*** Data records
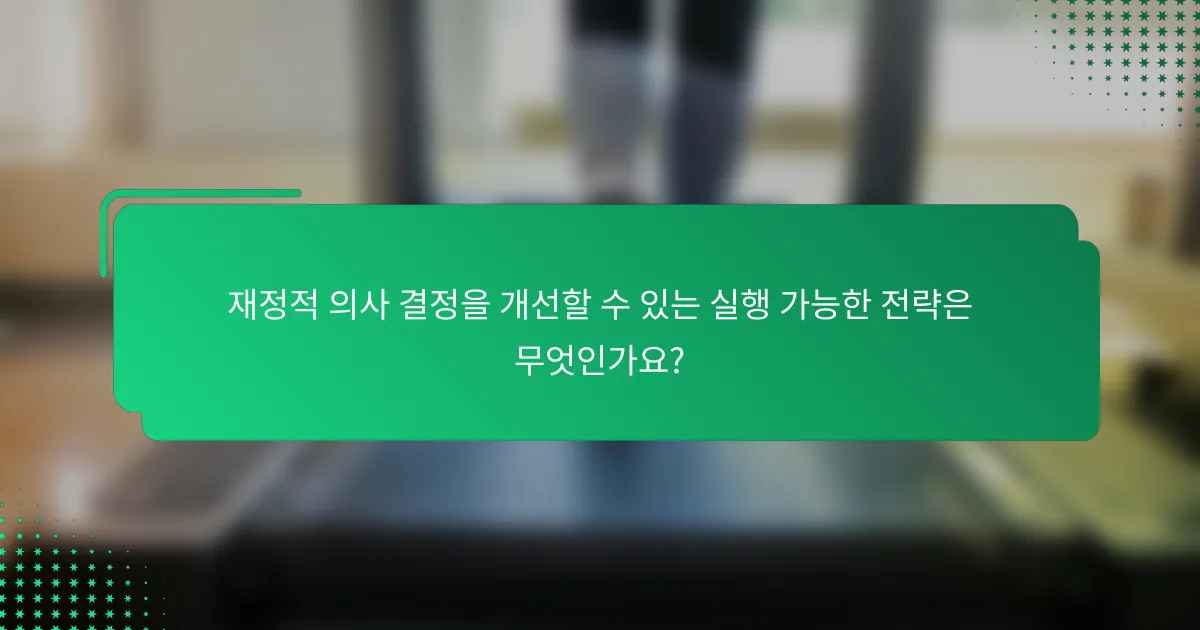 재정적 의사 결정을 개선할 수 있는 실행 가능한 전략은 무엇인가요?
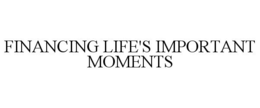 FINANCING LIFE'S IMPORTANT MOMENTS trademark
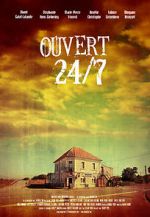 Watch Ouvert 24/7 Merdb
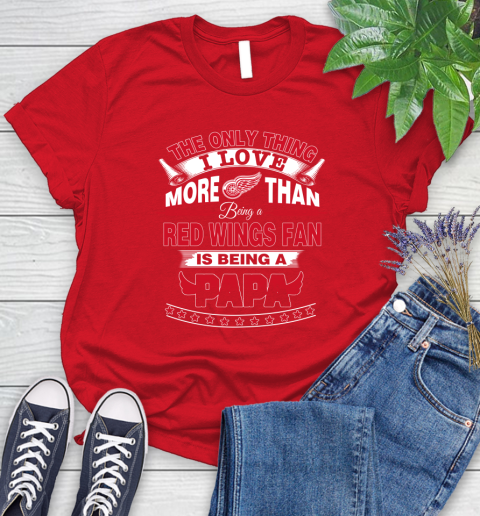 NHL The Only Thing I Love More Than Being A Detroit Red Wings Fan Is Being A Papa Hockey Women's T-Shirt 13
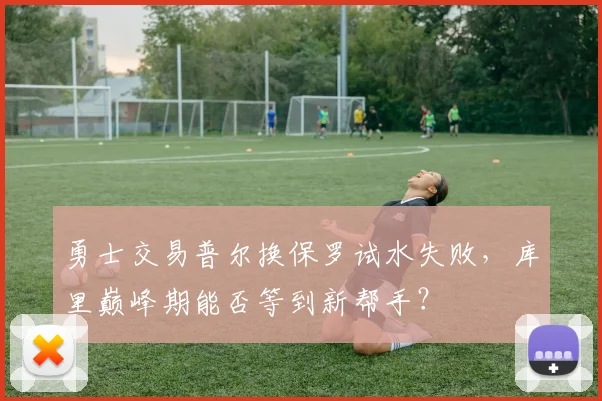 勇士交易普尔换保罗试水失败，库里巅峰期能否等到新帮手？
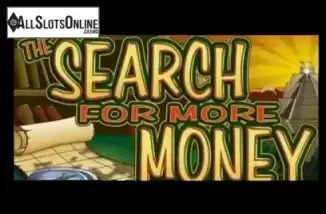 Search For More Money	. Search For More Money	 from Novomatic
******
Task statement: Please repeat the data above exactly as it appears, pictures excluded.

Result:
 재정적 의사 결정을 개선할 수 있는 실행 가능한 전략은 무엇인가요?
 FINANCING LIFE'S IMPORTANT MOMENTS trademark
 Watch Ouvert 24/7 Merdb
 NHL The Only Thing I Love More Than Being A Detroit Red Wings Fan Is Being A Papa Hockey Women's T-Shirt 13
 勇士交易普尔换保罗试水失败，库里巅峰期能否等到新帮手？
 Search For More Money	. Search For More Money	 from Novomatic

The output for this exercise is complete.